NEW SHOWS
RedCape
shows currently in development:
1 Beach Road
A tale of two sisters; an old synchronised swimming double act. Coming to the end of their career they retire to their coastal childhood home, only to find it is the last house left standing.
1, Beach Road is the only house not to have been washed away by the sea. The very sea on which their father sailed away and their mother drowned herself.
Like The Idiot Colony the starting point will be true stories; the stories of the communities that are beginning to disappear from the east coast of England - Britain’s first climate change refugees. 1 Beach Road will explore what it means today to own land and what if the sea puts in a higher offer.

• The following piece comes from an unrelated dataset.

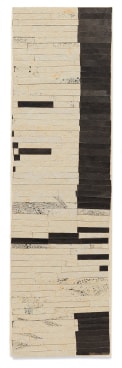 Zarina,&nbsp;Untitled, 2017, Collage with strips of Indian handmade paper stained with Sumi ink on Arches Cover buff paper, 30 x 8 3/4 inches, 76.2 x 22.2 cm.&nbsp;&copy; Zarina; Courtesy of the artist and Luhring&nbsp;Augustine, New York. Photo: Farzad Owrang.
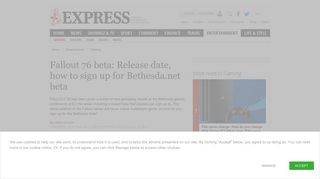 
                            1. Fallout 76 beta: Release date, how to sign up for Bethesda.net ... - Fallout Beta Sign Up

In development 2009. Available for touring Autumn 2010
In early June RedCape went to Happisburgh where Beach Road is falling into the sea. We met a impassioned, battle weary campaign leader, a lighthouse trustee with an vertiginous overview, had a lesson in coastal erosion drawn in the sand, visited the hanging gardens of Clifftops B&B (closed for business) and, as the tide lashed in, walked amongst the disintegrating sea defences. It was a fascinating few days, both very moving and rather bleak at times; fish and chips were consumed. We took a lot of video footage, a barrage of photos, copious notes and recorded hours of interviews.
During our three-week work period in Reading, RedCape are delighted to collaborate again with Andrew Dawson and Sabina Netherclift (The Idiot Colony), and are thrilled to be joined by New York playwright Solveig Holum and designer Tina Bicat (Critics Circle Drama Award for Design). Combining their successful mix of beautiful visual theatre, physical storytelling, new writing and a sense of humour 1 Beach Road will uncover people's stories hidden beneath the statistics and the rubble. What does it mean to lose your home from under your feet?
In Happisburgh, since 2004, 24 metres of land and 26 homes along Beach Road have vanished. 80 year-old Phyllis lost her retirement bungalow. Diana & Gill's B&B's garden disappeared. One family home was re-valued by their bank. It is now worth £1. Government policy means that they will receive no compensation for their losses. Every night as they sleep in their beds residents listen to the crash of the waves and the slow thumps of land falling into the sea.
"I always wanted a sea view - you have to be careful what you wish for round here" Happisburgh Resident
For centuries the low-lying coast of East Anglia has battled with the elements. The church bells of Shipden are rumoured to be heard from under the sea off Cromer; graves at Eccles are sometimes exposed on the beach; the greater part of the once thriving coastal port of Dunwich is now beneath the waves. During the 1953 Norfolk floods, the UK's worst peacetime natural disaster, the sea claimed 300 lives. In response the government built wooden sea defences and a policy to "hold the line". A combination of rising sea levels and economics resulted in Natural England's 2004 declaration that the nine miles of sea defences “unsustainable”. They advised a "managed retreat" to “realign the coast”. This will wipe a large part of Norfolk off the map giving up 600 homes across six villages to the rising seas.
From Newbury With Love
1971, In the depths of the Cold War, the daughter of an imprisoned Soviet dissident received a postcard from across the Iron Curtain that changed her family's life.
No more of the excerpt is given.